Na última semana, os nossos congressistas foram merecedores
da comparação nauseabunda. As iniciativas, respaldadas pela imensa maioria da
população, haviam sido subscritas por 2,4 milhões de pessoas. O resultado
indignou a sociedade, fez soar novamente o tilintar das panelas nas principais
capitais brasileiras e representou o mais contundente ataque perpetrado contra
a Lava Jato até agora. No contexto atual, em que a força-tarefa formada por
procuradores e policiais federais pode estar prestes a condenar a maioria dos
parlamentares ao ostracismo político, a tentativa de aprovar no afogadilho a
emenda, que ainda precisa da chancela do Senado, foi sem dúvida mais uma
contra-ofensiva destinada a retaliar quem os investiga e pune.

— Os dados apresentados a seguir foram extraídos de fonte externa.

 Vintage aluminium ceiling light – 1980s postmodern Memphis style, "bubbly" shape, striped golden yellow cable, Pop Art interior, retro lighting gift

Pior: tratou-se
de um gesto eivado de irresponsabilidade, pois no momento em que o País vive
uma circunstância de fragilidade política, a ação dos parlamentares desencadeou
uma crise entre Poderes.
A reação
A presidente do Supremo Tribunal Federal, Cármen Lúcia,
divulgou nota na qual afirmou “lamentar que, em oportunidade de avanço
legislativo para a defesa da ética pública, inclua-se, em proposta legislativa
de iniciativa popular, texto que pode contrariar a independência do Poder
Judiciário”. O procurador-geral da República, Rodrigo Janot, declarou que o
Ministério Público “não apóia o texto que restou, uma pálida sombra das
propostas que nos aproximariam de boas práticas mundiais”. Porém, a mais
inflamada manifestação viria da força-tarefa da Lava Jato em Curitiba. Na tarde
de quarta-feira 30, os procuradores convocaram uma entrevista coletiva na qual
fizeram duras críticas à atuação da Câmara e ameaçaram renunciar aos cargos na
investigação caso o abuso de autoridade seja mantido da forma como foi
aprovado. “Nós somos funcionários públicos. Temos uma carreira no Estado e não
estaremos mais protegidos pela lei. Se nós acusarmos, nós podemos ser acusados.

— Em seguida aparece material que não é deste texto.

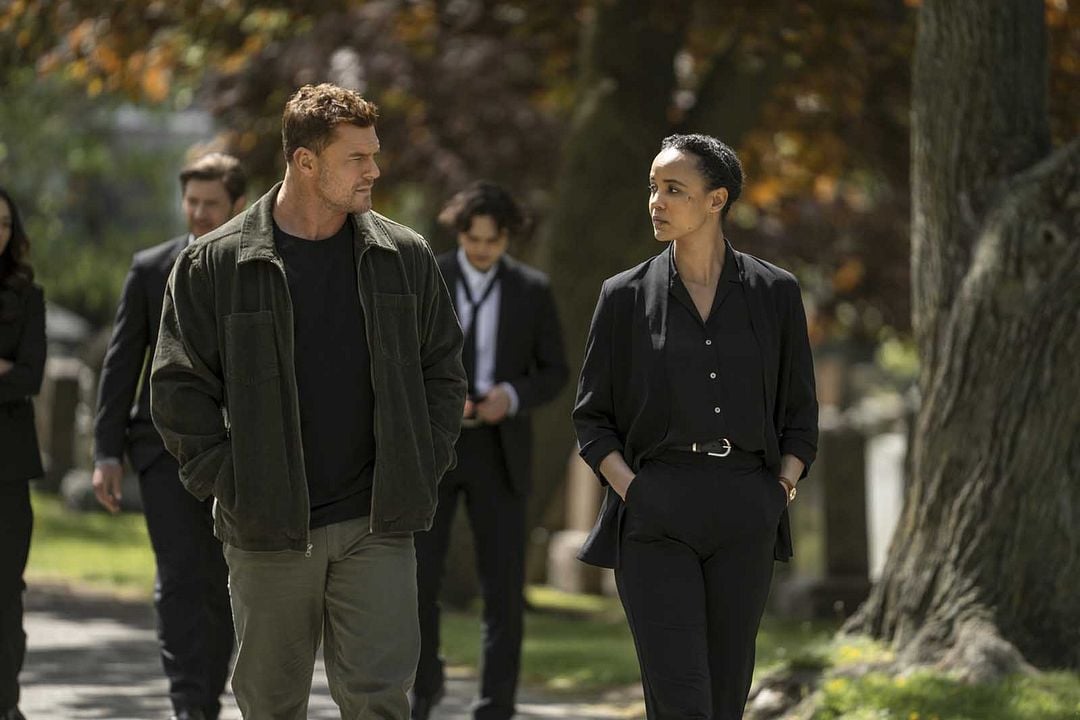 Photo Alan Ritchson, Maria Sten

Nós podemos responder, inclusive, com o nosso patrimônio. Não é possível, em
nenhum estado de direito, que não se protejam promotores e procuradores contra
os próprios acusados. Nesse sentido, a nossa proposta é de renunciar
coletivamente caso essa proposta seja sancionada pelo presidente (Michel
Temer)”, afirmou o procurador Carlos Fernando dos Santos Lima. Na quinta-feira
1, foi a vez de o juiz federal Sérgio Moro criticar a sorrateira atuação da
Câmara. Em audiência no Senado, ao lado de Renan e do ministro do STF, Gilmar
Mendes, Moro ponderou que a aprovação do crime de responsabilidade para juízes
e promotores teria que ser objeto de um debate, de uma reflexão maior por parte
do parlamento. “Essas emendas da meia-noite, que não permitem uma avaliação por
parte da sociedade, um debate mais aprofundado por parte do parlamento, não são
apropriadas tratando de temas assim tão sensíveis”.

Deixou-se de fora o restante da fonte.